A little of this goes a long way, though, and Come Out and Play kind of plateaus once Francis and Beth figure out the depths of danger these spooky, silent kids represent. The narrative is almost by definition painted into a corner that requires the introduction of awkward exposition, but the manner in which this is handled — once the pair meet another adult who’s survived a night of brutal attacks — is rather deflating. Even in streamlined form, this tale loses its grip. Still, the ominous effectiveness of its set-up and middle portion beckons, heralding the possible arrival of a bizarre new international talent in the thriller-suspense genre — one whose skill with the language of fear supersedes the need to speak English. For the full, original review, from ShockYa, click here. (Cinedigm, R, 75 minutes)
The Croods
Man want to feel wanted, useful. Mostly by woman, in the loincloth, but also, later, by family. This feeling at center of The Croods, new animated movie. Croods not too complicated. Kind of like cross between Ice Age and Year One, in some ways. Characters move in funny quadruped/biped hybrid gait, and seem to have invented parkour. But Croods tell pleasant story about family, utility of man, and letting go.

Movie open several millions of years ago, which definitely throw Sarah Palin and others for loop. Earth is crazy and inhospitable place, like South to liberals. Croods are cave family. Like, literally. Dad Grug (Nicolas Cage) have unibrow that would impress Anthony Davis. Grug take care of family, which consist of feral baby, stupid son Thunk (Clark Duke) and headstrong daughter Eep (Emma Stone). There is wife, too, Ugga (Catherine Keener), though she do nothing. Almost forgot about her. Oh, and mother-in-law Gran (Cloris Leachman), who is kind of like meth addict version of that witch from Brave. Grug secretly always hopes she die, which is funny.
Grug have many mottos like, “Darkness brings death, we know this!” And, “Never not be afraid!” Fear is not the little death for Grug. It keep him alive, he feel. Grug only let family out of cave to help him hunt. Eep, though, seek broader social horizon and meaning in life, which is very confusing to Grug. Eep sneak out, meet Guy (Ryan Reynolds), who have much better hair, less sloping forehead. Guy have baby sun! (This turn out to be called fire.) Guy also have animal belt that talk, which very confusing.
Guy no live in cave, which also confuse Grug. Guy then talk of strange place, “tomorrow,” and foretells of end-of-world prophesy, which he maybe picked up from Roland Emmerich movie? Anyway, group separated from cave, so then road trip happen, and crazy things. Grug maybe realize some rules primitive, so he tries to find some change he can believe in.

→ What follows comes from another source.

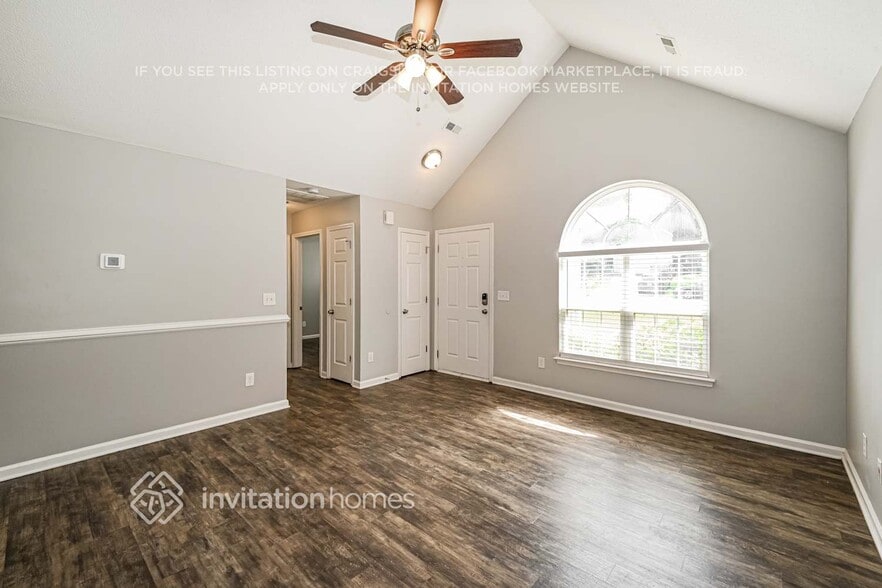 Building Photo - 915 Jordans Pond Ln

Croods co-directed by Chris Sanders — who make Lilo & Stitch and How To Train Your Dragon, both with big heart — and Kirk DeMicco, who make Space Chimps. Space Chimps piece of crap, but hey, everyone gotta eat. As on Dragon, Sanders use Roger Deakins as “visual consultant” on Croods. Good decision. This guy Deakins smart. Helps give film nice look. Croods have fantastic array of colorful creatures. Croods kind of like a Flintstones-era cousin of The Lorax or something. Its 3-D also not just rip-off — good in scenes of scope, and inventive with dust particles tracking toward camera.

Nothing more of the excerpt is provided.